All right, I started this journal as an outlet for the excess of mayhem in my life. And, I believe I've been pretty successful in this. But, I do believe I'm going mad. It's really quite alarming. I remembered this last night...out of nowhere...oh yes, because I saw Uma Thurman on the cover of Instyle magazine. This took place at Ashley's Bookstore..Alan is the owner.
Random Fellow who is just strolling about the place casually strikes up a conversation about who is the pretties movie star with Alan.
Both agree that Demi Moore is ass ugly...which I agree with as well. Of course, she's still "prettier" in the conventional way than myself, but I like to think my spunk makes up for it, eh?
Random Fellow: Oy, but ya know who's really ugly? Uma Thurman!! Man, she curdles my blood!
***I had been standing four feet away holding a wooden incense holder...a rather hefty one with carvings on it..and I'm raising it to eye level wondering if I fling it at him just so, if it will break his temple and make the blood pour out all pretty...***
Alan: Ah, who's that? I don't know the name.
Me: Have you seen Kill Bill?
Alan: yes.
Me: She's the blonde one who kills everyone. She's not ugly.
Alan: Oh, her...you think she's ugly?!
Random Fellow: Yes, don't you? I mean, look at that nose!

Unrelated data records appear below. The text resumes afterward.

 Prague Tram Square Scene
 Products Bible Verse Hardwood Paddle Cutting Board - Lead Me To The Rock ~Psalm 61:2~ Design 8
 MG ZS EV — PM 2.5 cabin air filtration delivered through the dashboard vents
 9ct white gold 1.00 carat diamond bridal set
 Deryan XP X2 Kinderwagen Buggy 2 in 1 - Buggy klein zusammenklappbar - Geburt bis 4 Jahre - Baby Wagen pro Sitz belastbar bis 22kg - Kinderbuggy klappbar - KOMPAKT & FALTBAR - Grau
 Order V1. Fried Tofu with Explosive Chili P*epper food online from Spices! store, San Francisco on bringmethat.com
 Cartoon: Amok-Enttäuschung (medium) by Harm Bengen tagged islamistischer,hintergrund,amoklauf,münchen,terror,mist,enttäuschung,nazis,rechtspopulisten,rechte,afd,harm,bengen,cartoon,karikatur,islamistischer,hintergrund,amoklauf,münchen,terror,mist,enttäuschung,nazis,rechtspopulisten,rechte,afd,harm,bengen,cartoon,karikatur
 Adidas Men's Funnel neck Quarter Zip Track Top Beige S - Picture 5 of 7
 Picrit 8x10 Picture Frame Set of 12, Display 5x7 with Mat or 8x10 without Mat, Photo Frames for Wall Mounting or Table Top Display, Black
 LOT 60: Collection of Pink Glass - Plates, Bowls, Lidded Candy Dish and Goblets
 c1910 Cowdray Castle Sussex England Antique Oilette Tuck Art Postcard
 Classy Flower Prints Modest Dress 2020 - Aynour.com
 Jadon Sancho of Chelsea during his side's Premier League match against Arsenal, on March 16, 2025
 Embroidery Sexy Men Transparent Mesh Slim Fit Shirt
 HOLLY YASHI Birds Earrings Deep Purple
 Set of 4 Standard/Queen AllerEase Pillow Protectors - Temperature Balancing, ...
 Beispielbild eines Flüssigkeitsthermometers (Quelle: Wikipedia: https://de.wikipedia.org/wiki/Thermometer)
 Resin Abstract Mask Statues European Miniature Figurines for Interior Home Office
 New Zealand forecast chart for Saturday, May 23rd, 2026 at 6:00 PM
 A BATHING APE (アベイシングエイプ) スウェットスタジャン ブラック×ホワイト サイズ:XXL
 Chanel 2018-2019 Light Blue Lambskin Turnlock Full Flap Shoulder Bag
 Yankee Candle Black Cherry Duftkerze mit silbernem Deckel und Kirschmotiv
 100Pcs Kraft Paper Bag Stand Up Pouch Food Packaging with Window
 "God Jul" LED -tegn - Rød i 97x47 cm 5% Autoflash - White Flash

Me: I think her nose is quite fine.
Alan: Was she in that movie "The Eight Stairway??" where Bruce Willis is a taxi cab driver?
Random Fellow: *goes off on a tangent about Demi Moore in the eighties...
Me: I squint at Alan, "Are you talking about the Fifth Element? That wasn't Uma Thurman. That was Milla Jovovich.
Alan: Oh! The Fifth Element! Of course. Yes, she's hot.
Random Fellow: She's beyond hot.
Me: She makes me envy Bruce Willis, thus...she is far beyond regular hawtness.
And thus, we were in accordance.
Also, I told my sister of my latest romantic endeavour...hopefully this one won't result in me almost going to an asylum for sociopathy and antisocial behavioural patterns. And you know what she did? She considered it a moment, looked at me in an odd fashion, and then laughed...very brashly. And then: Don't tell mom. You'll kill her. Just go buy some furniture from IKEA...get your own apartment...and just move out. Just don't tell mom. She was still laughing when she left the room. I knew I was odd, but...now I'm a little worried about myself. Do I really just invoke humor at my honest to god efforts to attain some level of happiness? Geez..my coworkers noted the change in mood: they like me much better this way.
Be loved because you are! Maybe nobody will bother me about some pop star tabloid trash this fine morning. Ten-chan*
February 8 2006, 18:20:55 UTC 6 years ago
I second the 'your own apt' idea...with ikea furniture! lol. Your sister always knows best!